One way to find prime numbers is as follows. Start with an empty list of primes, and the integer 2. Check if the integer is divisible by any of the numbers in the list of primes. If yes, discard it. If no, add it to the list. Then try the next integer (i.e. add one), and continue indefinitely. A very simple, if inefficient algorithm. (This is not the Sieve of Eratosthenes — see this paper.)

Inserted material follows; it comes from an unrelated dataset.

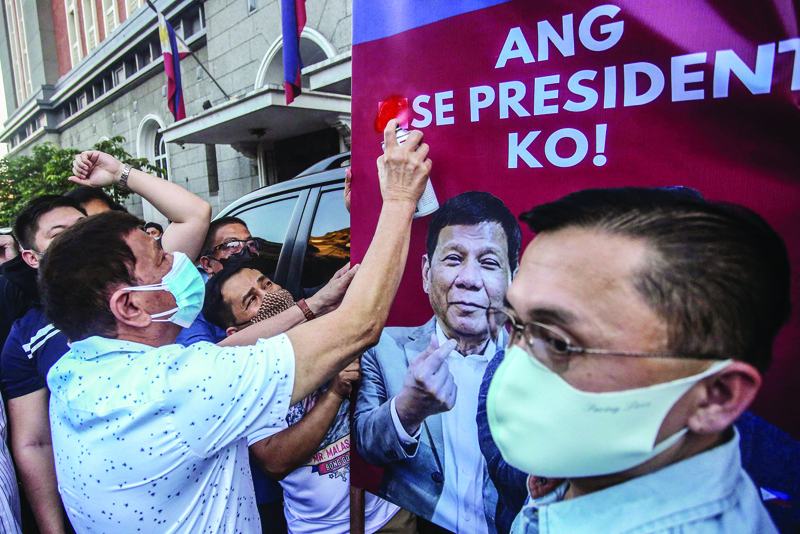 MANILA: Philippine President Rodrigo Duterte (left) sprays paint over the word 'vice' as senator Christopher 'Bong' Go amended his candidacy to run for president in the 2022 elections before the November 15 deadline at the Commission on Election in Manila.- AFP n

Let’s see how we can turn this algorithm into a CHP program. Every time we find a prime, we want to add it to our list of numbers to filter out in future. We can implement this list as a concurrent process pipeline — each process in the pipeline will be responsible for filtering out numbers divisible by a single prime. Such a process is quite straightforward:
filterDiv :: Integer -> Chanin Integer -> Chanout Integer -> CHP () filterDiv n input output = forever $ do x <- readChannel input when (x `mod` n /= 0) $ writeChannel output x
Every time we find a prime, we need to add a new filterDiv process on to the end of our pipeline. This may sound difficult, but can be easily expressed with some concurrent recursion:
end :: Chanin Integer -> Chanout Integer -> CHP () end input output = do x <- readChannel input writeChannel output x (filterDiv x |->| end) input output
This process sits at the end of our pipeline and reads in a single value. Since our pipeline is filtering out all non-primes, any number that this “end” process receives must be prime. In response to receiving a prime, it sends it on (to whatever process is waiting beyond the prime pipeline to receive the primes). It then becomes the parallel composition of a new filterDiv process, connected to a new end process (the |->| operator expresses this composition). Thus every time a new prime comes out of the end of the pipeline, the pipeline grows by one more process. After the 100th prime, the pipeline will consist of 100 filterDiv processes executing concurrently, and one “end” process.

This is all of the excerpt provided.